As part of our ongoing commitment to respecting your privacy, we won’t use your documents, photos or other personal files or what you say in email, chat, video calls or voice mail to target advertising to you.


We updated our Code of Conduct so you can better understand the types of behaviors that could affect your account, and added language that parents are responsible for minor children’s use of Microsoft account and services, including purchases.


We tailor our privacy statements for each of our products to help make it easier for you to find the information that is important to you.

The first section is the most obvious shot at Google. Microsoft has made several videos in the past that aim to shed some light on how Google “reads” user emails. The video below is just one example.

Just today we wrote about Google Now reading emails to add events to you calendar. Google also reads emails for flight information, shipping status, and more. Most people who use Google services have opted into these things willingly, but there are those who don’t like Google rifling through their mail. Microsoft is hoping to gain the trust of those users.

Here are some bullet points from Google’s privacy policy for comparison:

We collect information in two ways:

  • Information you give us. For example, many of our services require you to sign up for a Google Account. When you do, we’ll ask for personal information, like your name, email address, telephone number or credit card. If you want to take full advantage of the sharing features we offer, we might also ask you to create a publicly visible Google Profile, which may include your name and photo.
  • Information we get from your use of our services. We may collect information about the services that you use and how you use them, like when you visit a website that uses our advertising services or you view and interact with our ads and content.

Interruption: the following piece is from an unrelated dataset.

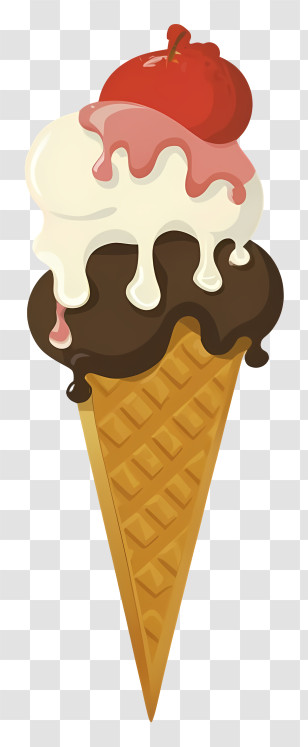 Ice Cream Cone - Delicious Ice Cream Cone Illustration Transparent PNG
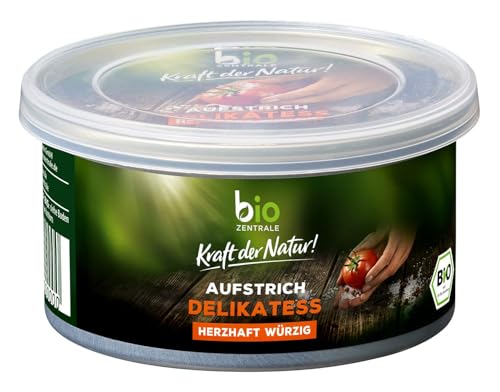 biozentrale Aufstrich Delikatess | 125 g | vegan, gluten- und laktosefrei | herzhaft würziger Brotaufstrich mit Nährhefe | lecker auf Brot, Reis- & Maiswaffeln sowie Knusperbrot (Packung mit 10) von bioZentrale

You can see how vastly different the two policies are. Microsoft is talking about what they don’t collect while Google is talking about how they collect it. We’re sure most of you (including us) have no problem with Google’s policy, but Microsoft is betting on the average consumer being afraid. With all the news about the NSA and companies stealing data, this is probably a wise move by Microsoft.

Microsoft, in general, has taken a very safe approach to user data recently. Their new Google Now-esque personal assistant, Cortana, for Windows Phone comes with a “Notebook” feature. The Notebook allows Cortana to know only what the user wants her to know. Google Now, on the other hand, knows an amazing amount about you. There are ways to control this, but it’s not completely obvious, and you won’t get the full functionality of the app.

Are you concerned about Google collecting your information? Should they be playing it safer, like Microsoft? Do you regularly read privacy policies of companies before signing up for their services?